**Exercise brief**
Word for word, copy the lines beginning at the one with "45 Pocono Lane 10, Danbury, CT 06810" and ending at the last line below; pictures stay out.

**Supplied material**
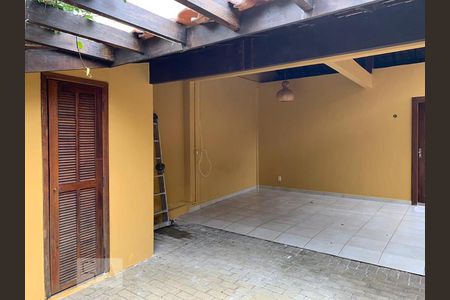 Casa de condomínio à venda com 180m², 4 quartos e sem vaga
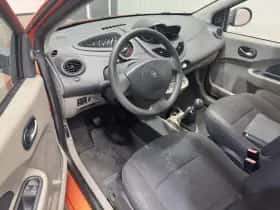 Renault Twingo (2008) thumbnail 9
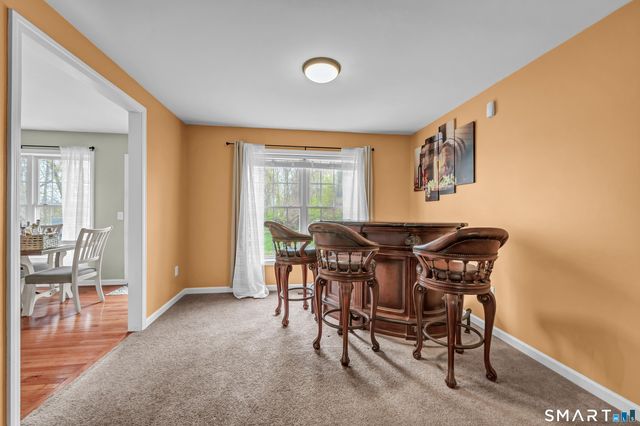 45 Pocono Lane 10, Danbury, CT 06810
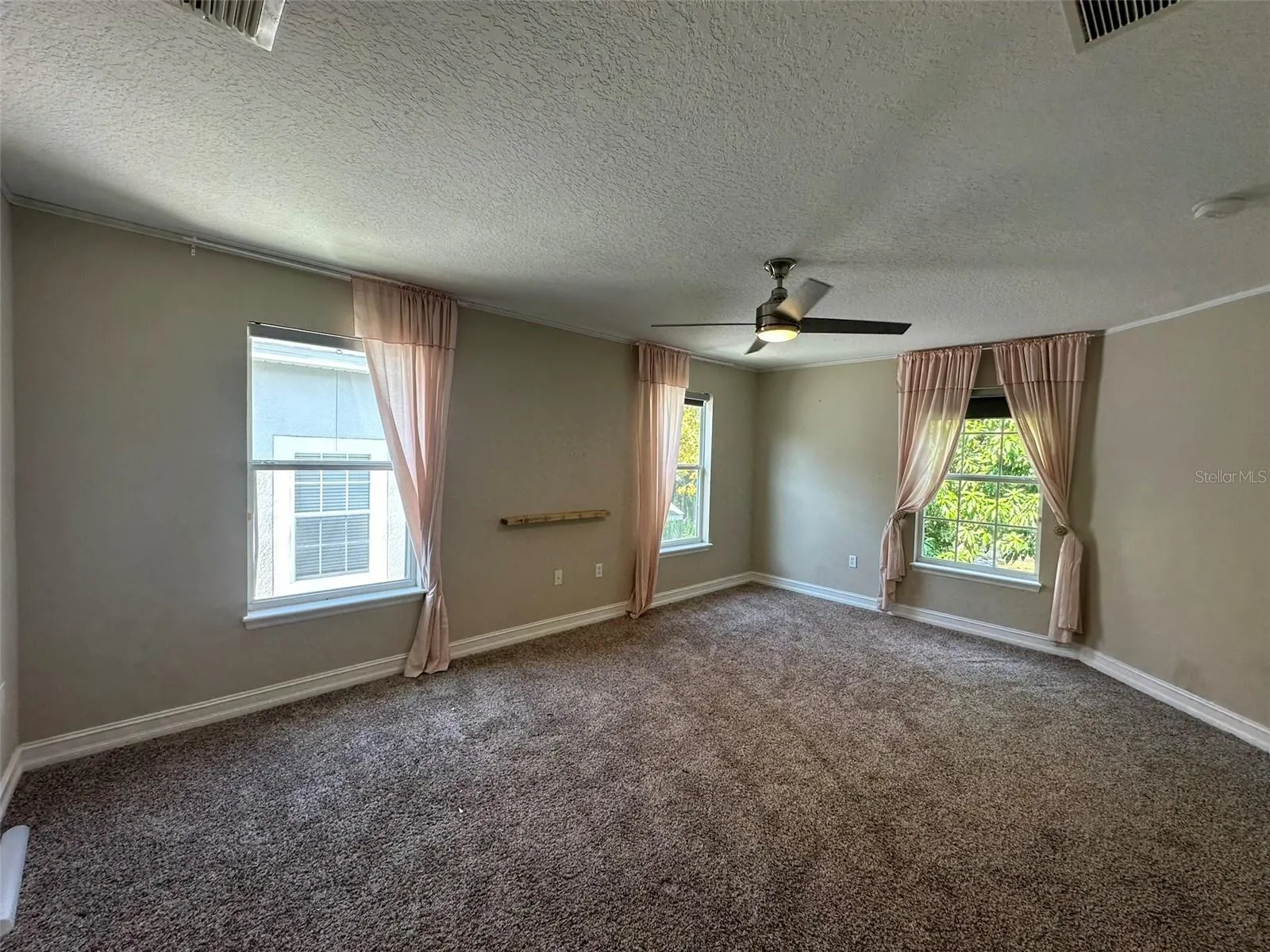 6979 BLUESTEM RD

**Exercise answer**
 45 Pocono Lane 10, Danbury, CT 06810
 6979 BLUESTEM RD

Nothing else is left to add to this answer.